_DIRECTIONS FOR THIS TASK_.
From the entries below, copy exactly the lines from the one that contains "A map showing" through the one that contains "Francia Aurelien Tchouameni", both included, and only those.

_DATASET EXTRACT_.
═══

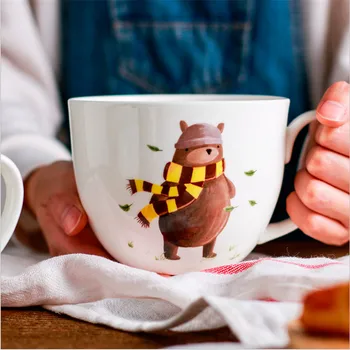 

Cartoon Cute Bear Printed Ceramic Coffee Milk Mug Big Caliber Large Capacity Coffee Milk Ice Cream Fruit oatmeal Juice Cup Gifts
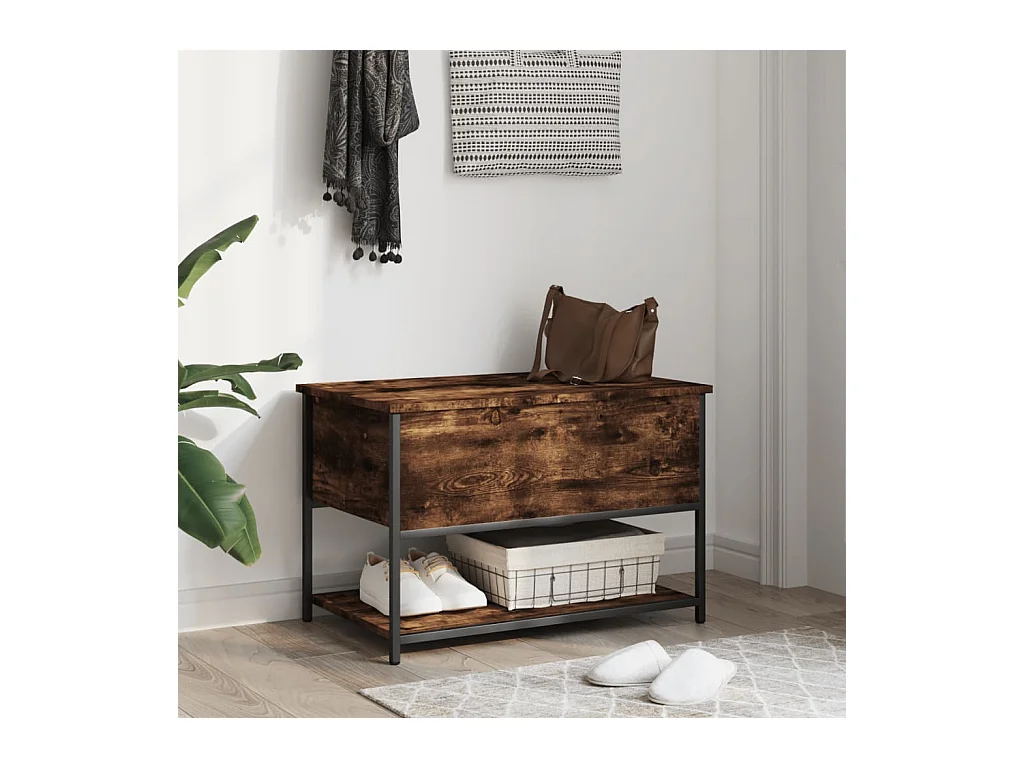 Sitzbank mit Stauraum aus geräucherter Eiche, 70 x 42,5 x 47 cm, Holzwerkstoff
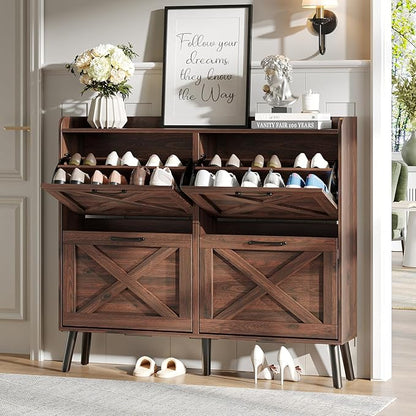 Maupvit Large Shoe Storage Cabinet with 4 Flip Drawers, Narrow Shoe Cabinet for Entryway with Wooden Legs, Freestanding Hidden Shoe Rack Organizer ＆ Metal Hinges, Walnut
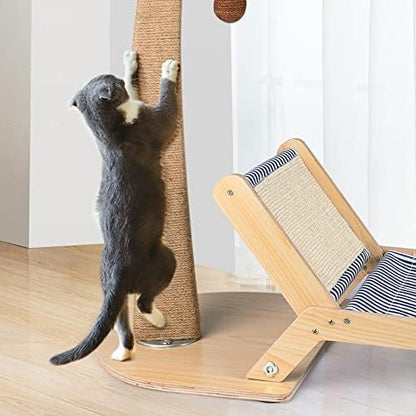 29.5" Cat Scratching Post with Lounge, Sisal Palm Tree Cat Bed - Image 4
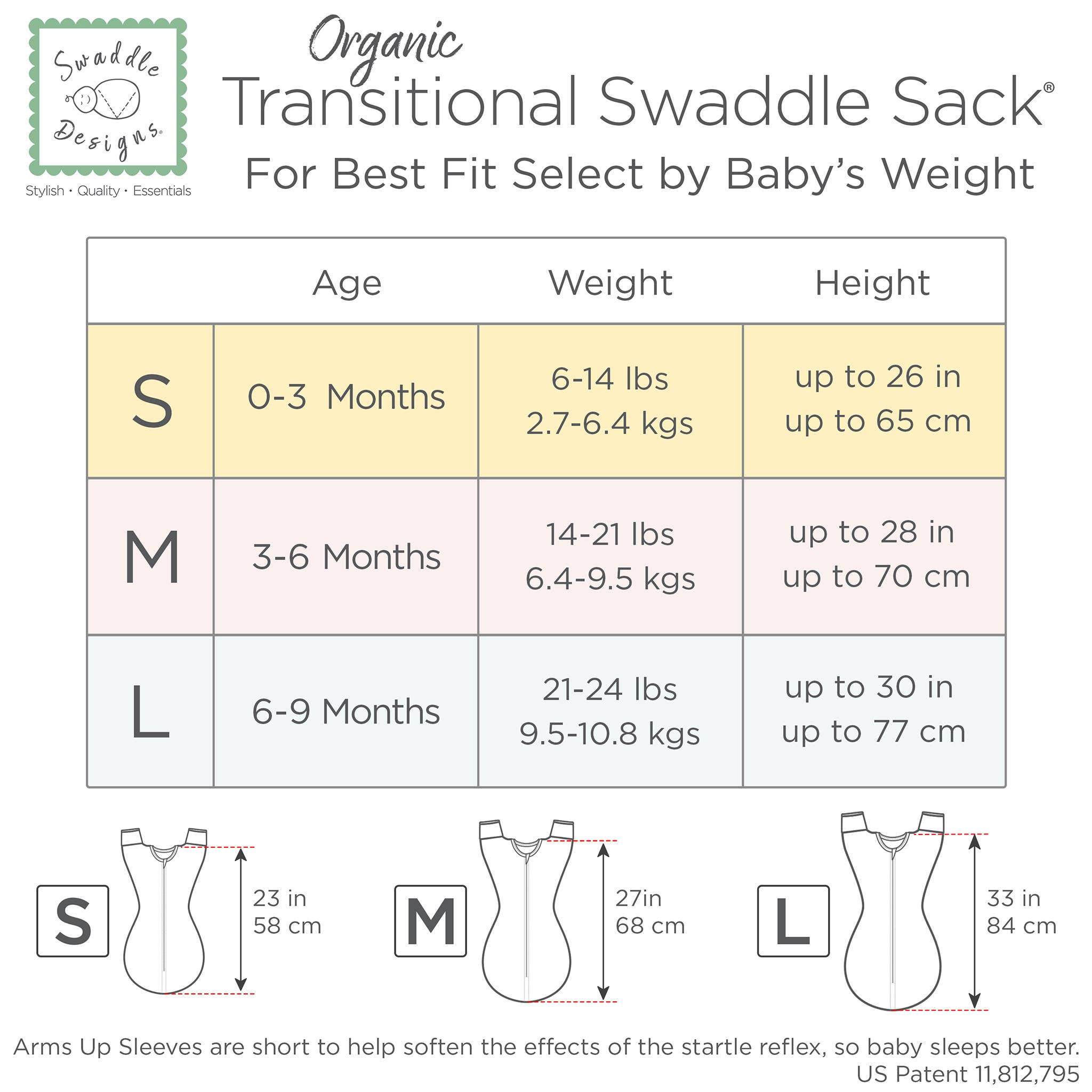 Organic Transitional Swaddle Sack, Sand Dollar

═══

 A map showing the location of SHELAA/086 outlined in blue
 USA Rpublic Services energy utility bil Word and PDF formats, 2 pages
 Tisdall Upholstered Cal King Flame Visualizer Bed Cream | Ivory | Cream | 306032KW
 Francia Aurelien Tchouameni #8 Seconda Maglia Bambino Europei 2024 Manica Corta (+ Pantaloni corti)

═══

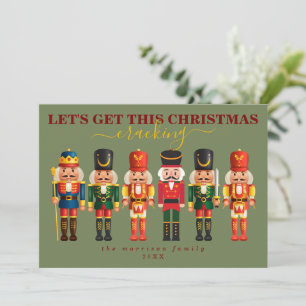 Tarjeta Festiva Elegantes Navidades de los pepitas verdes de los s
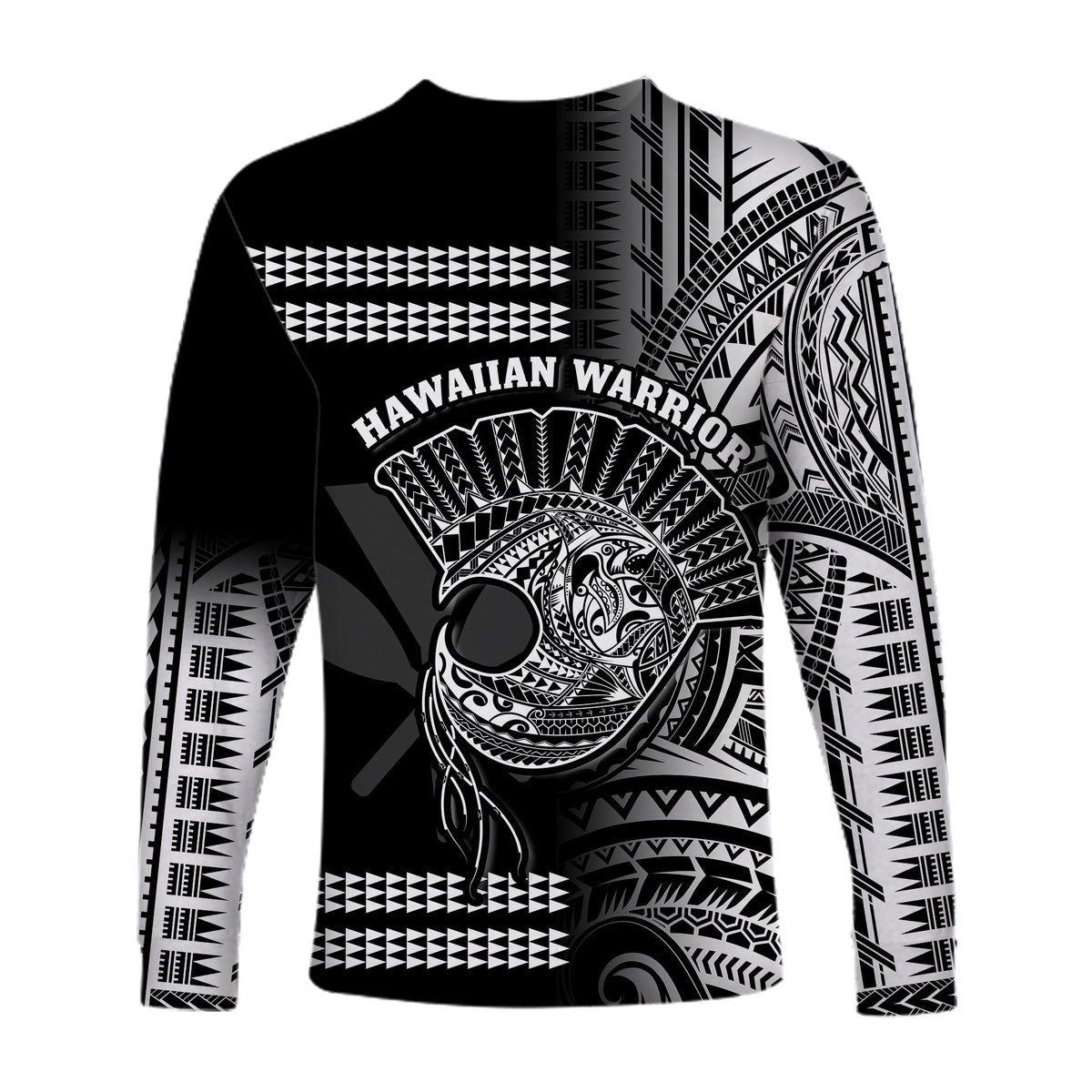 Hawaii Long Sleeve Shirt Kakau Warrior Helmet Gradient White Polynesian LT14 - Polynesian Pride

═══

_PROBLEM SOLUTION_.
 A map showing the location of SHELAA/086 outlined in blue
 USA Rpublic Services energy utility bil Word and PDF formats, 2 pages
 Tisdall Upholstered Cal King Flame Visualizer Bed Cream | Ivory | Cream | 306032KW
 Francia Aurelien Tchouameni #8 Seconda Maglia Bambino Europei 2024 Manica Corta (+ Pantaloni corti)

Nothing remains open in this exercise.